In Mr. Gladstone's opinion, American humour invariably consisted in dealing with magnitudes. He preferred to hear American stories on this side of the Atlantic. He never had been in America, and never intended going. He expressed himself as apprehensive of the effect on the nervous system of the vibration caused by the engines of a steamer travelling at a high speed, but spoke with admiration of the rapid travelling at sea performed by the Continental mail packets, saying that a few days before, returning from the Continent, he had only just settled down to read when he was told to disembark, for the steamer had reached Dover.
I overheard Mr. Gladstone asking the question: "Why is it that when we get a good thing we do not stick to it?" I fully expected him to launch into some huge political question, such as the "Unity of the Empire" or "Universal Franchise." Instead of this, I was somewhat surprised to hear him proceed: "Now, I recollect an excruciatingly funny toy which you wound up, and it danced about in a most comical way. I have watched that little nigger many and many a time, but lately I have been looking everywhere to get one. I have asked at the shops in the Strand and elsewhere, and they show me other things, but [Pg 173] not the funny nigger I recollect, so I have given up my search in despair."

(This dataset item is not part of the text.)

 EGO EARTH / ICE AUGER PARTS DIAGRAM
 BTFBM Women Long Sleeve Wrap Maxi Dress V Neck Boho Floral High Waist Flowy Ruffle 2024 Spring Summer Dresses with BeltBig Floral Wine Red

I noticed that Mr. Gladstone took champagne at dinner, and after dinner a glass of port. Some conversation arising with reference to the history of wines, the old politician seemed to know more on the subject than anyone else at table; in fact, during the whole evening, there was not a subject touched upon on which he did not give the heads for an interesting essay. The only time Mr. Gladstone mentioned Ireland was in connection with the subject of wines, when he dilated upon the beauties of Newfoundland port, which was to be found in Ireland in the good old days.
In one respect Mr. Gladstone was not an exception among the old, for he seemed fond of dwelling upon the great age which men have attained. He seemed to think that the high pressure at which we live nowadays would show its effect on the longevity of the rising generation, and remarked:
"You young men will have a very bad time of it."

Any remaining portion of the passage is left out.